#### What to do
Print every line of the records below exactly as it reads.

● ● ● ●

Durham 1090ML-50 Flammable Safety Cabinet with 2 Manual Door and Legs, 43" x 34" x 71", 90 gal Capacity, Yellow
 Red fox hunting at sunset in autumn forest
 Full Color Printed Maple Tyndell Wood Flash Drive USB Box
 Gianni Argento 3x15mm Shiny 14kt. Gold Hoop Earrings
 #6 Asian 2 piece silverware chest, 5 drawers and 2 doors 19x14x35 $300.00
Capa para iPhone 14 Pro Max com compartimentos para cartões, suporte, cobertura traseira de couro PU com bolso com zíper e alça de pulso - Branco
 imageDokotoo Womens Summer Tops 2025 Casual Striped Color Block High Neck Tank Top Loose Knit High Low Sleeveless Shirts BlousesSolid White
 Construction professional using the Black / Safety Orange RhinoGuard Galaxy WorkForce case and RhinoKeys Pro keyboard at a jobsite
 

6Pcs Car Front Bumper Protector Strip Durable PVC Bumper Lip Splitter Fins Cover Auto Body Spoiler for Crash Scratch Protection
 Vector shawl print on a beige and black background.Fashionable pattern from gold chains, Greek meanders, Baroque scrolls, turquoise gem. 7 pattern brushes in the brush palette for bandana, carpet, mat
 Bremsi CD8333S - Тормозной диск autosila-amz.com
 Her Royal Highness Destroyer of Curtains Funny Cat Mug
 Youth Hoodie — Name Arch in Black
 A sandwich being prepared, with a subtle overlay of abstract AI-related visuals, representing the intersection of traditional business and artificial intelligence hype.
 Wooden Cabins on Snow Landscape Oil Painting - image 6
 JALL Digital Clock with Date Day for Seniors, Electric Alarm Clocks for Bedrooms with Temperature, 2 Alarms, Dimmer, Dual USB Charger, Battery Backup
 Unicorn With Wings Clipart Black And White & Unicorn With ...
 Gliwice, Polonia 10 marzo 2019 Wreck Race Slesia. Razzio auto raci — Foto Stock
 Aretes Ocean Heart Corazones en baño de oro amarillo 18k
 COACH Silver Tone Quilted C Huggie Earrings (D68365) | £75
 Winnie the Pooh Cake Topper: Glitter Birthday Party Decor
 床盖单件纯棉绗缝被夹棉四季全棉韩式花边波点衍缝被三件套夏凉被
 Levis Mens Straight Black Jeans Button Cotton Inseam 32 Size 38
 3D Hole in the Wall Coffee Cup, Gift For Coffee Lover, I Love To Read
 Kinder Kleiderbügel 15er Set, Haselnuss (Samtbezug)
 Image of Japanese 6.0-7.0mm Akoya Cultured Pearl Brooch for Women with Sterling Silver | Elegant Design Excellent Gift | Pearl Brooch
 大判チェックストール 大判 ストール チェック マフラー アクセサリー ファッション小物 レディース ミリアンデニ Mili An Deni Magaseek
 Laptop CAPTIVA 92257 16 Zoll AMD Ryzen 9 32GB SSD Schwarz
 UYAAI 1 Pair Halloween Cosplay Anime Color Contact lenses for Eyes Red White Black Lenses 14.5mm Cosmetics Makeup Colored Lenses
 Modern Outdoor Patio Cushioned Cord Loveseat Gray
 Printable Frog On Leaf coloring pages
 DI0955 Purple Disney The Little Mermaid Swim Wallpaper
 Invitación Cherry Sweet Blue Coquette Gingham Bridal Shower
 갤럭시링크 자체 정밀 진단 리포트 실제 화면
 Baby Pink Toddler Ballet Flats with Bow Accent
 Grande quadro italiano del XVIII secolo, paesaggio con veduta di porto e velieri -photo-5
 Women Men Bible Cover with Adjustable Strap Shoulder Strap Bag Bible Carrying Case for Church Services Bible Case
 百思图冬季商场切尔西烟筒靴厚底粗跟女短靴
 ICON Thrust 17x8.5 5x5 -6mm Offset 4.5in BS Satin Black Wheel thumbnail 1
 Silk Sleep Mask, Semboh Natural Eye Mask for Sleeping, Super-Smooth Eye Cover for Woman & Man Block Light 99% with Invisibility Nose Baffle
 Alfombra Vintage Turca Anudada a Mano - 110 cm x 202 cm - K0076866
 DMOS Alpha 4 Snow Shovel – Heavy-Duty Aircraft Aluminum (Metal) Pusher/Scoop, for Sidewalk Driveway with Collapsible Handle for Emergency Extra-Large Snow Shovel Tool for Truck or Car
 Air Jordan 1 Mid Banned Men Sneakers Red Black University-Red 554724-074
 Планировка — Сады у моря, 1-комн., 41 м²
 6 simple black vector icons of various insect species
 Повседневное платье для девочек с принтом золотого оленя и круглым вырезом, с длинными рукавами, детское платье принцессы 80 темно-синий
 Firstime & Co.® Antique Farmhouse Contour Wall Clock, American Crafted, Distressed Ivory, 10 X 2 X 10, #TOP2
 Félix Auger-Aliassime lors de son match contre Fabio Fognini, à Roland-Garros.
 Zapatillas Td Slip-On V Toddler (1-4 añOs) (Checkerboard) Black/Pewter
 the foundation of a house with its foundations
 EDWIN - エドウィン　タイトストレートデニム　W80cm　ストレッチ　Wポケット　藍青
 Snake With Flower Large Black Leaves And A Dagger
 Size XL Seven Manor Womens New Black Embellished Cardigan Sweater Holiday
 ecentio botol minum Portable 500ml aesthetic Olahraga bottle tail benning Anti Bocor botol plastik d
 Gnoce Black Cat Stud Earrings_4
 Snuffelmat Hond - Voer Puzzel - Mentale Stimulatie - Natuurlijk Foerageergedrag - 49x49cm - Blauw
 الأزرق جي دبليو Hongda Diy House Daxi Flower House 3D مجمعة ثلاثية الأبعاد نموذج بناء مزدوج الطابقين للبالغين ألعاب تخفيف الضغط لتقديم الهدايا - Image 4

● ● ● ●

#### Task solution
Durham 1090ML-50 Flammable Safety Cabinet with 2 Manual Door and Legs, 43" x 34" x 71", 90 gal Capacity, Yellow
 Red fox hunting at sunset in autumn forest
 Full Color Printed Maple Tyndell Wood Flash Drive USB Box
 Gianni Argento 3x15mm Shiny 14kt. Gold Hoop Earrings
 #6 Asian 2 piece silverware chest, 5 drawers and 2 doors 19x14x35 $300.00
Capa para iPhone 14 Pro Max com compartimentos para cartões, suporte, cobertura traseira de couro PU com bolso com zíper e alça de pulso - Branco
 imageDokotoo Womens Summer Tops 2025 Casual Striped Color Block High Neck Tank Top Loose Knit High Low Sleeveless Shirts BlousesSolid White
 Construction professional using the Black / Safety Orange RhinoGuard Galaxy WorkForce case and RhinoKeys Pro keyboard at a jobsite
 

6Pcs Car Front Bumper Protector Strip Durable PVC Bumper Lip Splitter Fins Cover Auto Body Spoiler for Crash Scratch Protection
 Vector shawl print on a beige and black background.Fashionable pattern from gold chains, Greek meanders, Baroque scrolls, turquoise gem. 7 pattern brushes in the brush palette for bandana, carpet, mat
 Bremsi CD8333S - Тормозной диск autosila-amz.com
 Her Royal Highness Destroyer of Curtains Funny Cat Mug
 Youth Hoodie — Name Arch in Black
 A sandwich being prepared, with a subtle overlay of abstract AI-related visuals, representing the intersection of traditional business and artificial intelligence hype.
 Wooden Cabins on Snow Landscape Oil Painting - image 6
 JALL Digital Clock with Date Day for Seniors, Electric Alarm Clocks for Bedrooms with Temperature, 2 Alarms, Dimmer, Dual USB Charger, Battery Backup
 Unicorn With Wings Clipart Black And White & Unicorn With ...
 Gliwice, Polonia 10 marzo 2019 Wreck Race Slesia. Razzio auto raci — Foto Stock
 Aretes Ocean Heart Corazones en baño de oro amarillo 18k
 COACH Silver Tone Quilted C Huggie Earrings (D68365) | £75
 Winnie the Pooh Cake Topper: Glitter Birthday Party Decor
 床盖单件纯棉绗缝被夹棉四季全棉韩式花边波点衍缝被三件套夏凉被
 Levis Mens Straight Black Jeans Button Cotton Inseam 32 Size 38
 3D Hole in the Wall Coffee Cup, Gift For Coffee Lover, I Love To Read
 Kinder Kleiderbügel 15er Set, Haselnuss (Samtbezug)
 Image of Japanese 6.0-7.0mm Akoya Cultured Pearl Brooch for Women with Sterling Silver | Elegant Design Excellent Gift | Pearl Brooch
 大判チェックストール 大判 ストール チェック マフラー アクセサリー ファッション小物 レディース ミリアンデニ Mili An Deni Magaseek
 Laptop CAPTIVA 92257 16 Zoll AMD Ryzen 9 32GB SSD Schwarz
 UYAAI 1 Pair Halloween Cosplay Anime Color Contact lenses for Eyes Red White Black Lenses 14.5mm Cosmetics Makeup Colored Lenses
 Modern Outdoor Patio Cushioned Cord Loveseat Gray
 Printable Frog On Leaf coloring pages
 DI0955 Purple Disney The Little Mermaid Swim Wallpaper
 Invitación Cherry Sweet Blue Coquette Gingham Bridal Shower
 갤럭시링크 자체 정밀 진단 리포트 실제 화면
 Baby Pink Toddler Ballet Flats with Bow Accent
 Grande quadro italiano del XVIII secolo, paesaggio con veduta di porto e velieri -photo-5
 Women Men Bible Cover with Adjustable Strap Shoulder Strap Bag Bible Carrying Case for Church Services Bible Case
 百思图冬季商场切尔西烟筒靴厚底粗跟女短靴
 ICON Thrust 17x8.5 5x5 -6mm Offset 4.5in BS Satin Black Wheel thumbnail 1
 Silk Sleep Mask, Semboh Natural Eye Mask for Sleeping, Super-Smooth Eye Cover for Woman & Man Block Light 99% with Invisibility Nose Baffle
 Alfombra Vintage Turca Anudada a Mano - 110 cm x 202 cm - K0076866
 DMOS Alpha 4 Snow Shovel – Heavy-Duty Aircraft Aluminum (Metal) Pusher/Scoop, for Sidewalk Driveway with Collapsible Handle for Emergency Extra-Large Snow Shovel Tool for Truck or Car
 Air Jordan 1 Mid Banned Men Sneakers Red Black University-Red 554724-074
 Планировка — Сады у моря, 1-комн., 41 м²
 6 simple black vector icons of various insect species
 Повседневное платье для девочек с принтом золотого оленя и круглым вырезом, с длинными рукавами, детское платье принцессы 80 темно-синий
 Firstime & Co.® Antique Farmhouse Contour Wall Clock, American Crafted, Distressed Ivory, 10 X 2 X 10, #TOP2
 Félix Auger-Aliassime lors de son match contre Fabio Fognini, à Roland-Garros.
 Zapatillas Td Slip-On V Toddler (1-4 añOs) (Checkerboard) Black/Pewter
 the foundation of a house with its foundations
 EDWIN - エドウィン　タイトストレートデニム　W80cm　ストレッチ　Wポケット　藍青
 Snake With Flower Large Black Leaves And A Dagger
 Size XL Seven Manor Womens New Black Embellished Cardigan Sweater Holiday
 ecentio botol minum Portable 500ml aesthetic Olahraga bottle tail benning Anti Bocor botol plastik d
 Gnoce Black Cat Stud Earrings_4
 Snuffelmat Hond - Voer Puzzel - Mentale Stimulatie - Natuurlijk Foerageergedrag - 49x49cm - Blauw
 الأزرق جي دبليو Hongda Diy House Daxi Flower House 3D مجمعة ثلاثية الأبعاد نموذج بناء مزدوج الطابقين للبالغين ألعاب تخفيف الضغط لتقديم الهدايا - Image 4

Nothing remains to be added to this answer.